The task: A verbatim copy of each record is required.

::::::

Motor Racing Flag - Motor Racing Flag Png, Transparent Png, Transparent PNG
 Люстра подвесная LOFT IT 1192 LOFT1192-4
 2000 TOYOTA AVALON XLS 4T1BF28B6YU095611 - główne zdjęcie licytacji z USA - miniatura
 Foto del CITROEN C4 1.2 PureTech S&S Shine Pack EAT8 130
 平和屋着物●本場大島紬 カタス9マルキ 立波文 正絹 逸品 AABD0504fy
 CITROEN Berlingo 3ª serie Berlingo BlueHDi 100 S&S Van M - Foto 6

::::::

Solution below:
Motor Racing Flag - Motor Racing Flag Png, Transparent Png, Transparent PNG
 Люстра подвесная LOFT IT 1192 LOFT1192-4
 2000 TOYOTA AVALON XLS 4T1BF28B6YU095611 - główne zdjęcie licytacji z USA - miniatura
 Foto del CITROEN C4 1.2 PureTech S&S Shine Pack EAT8 130
 平和屋着物●本場大島紬 カタス9マルキ 立波文 正絹 逸品 AABD0504fy
 CITROEN Berlingo 3ª serie Berlingo BlueHDi 100 S&S Van M - Foto 6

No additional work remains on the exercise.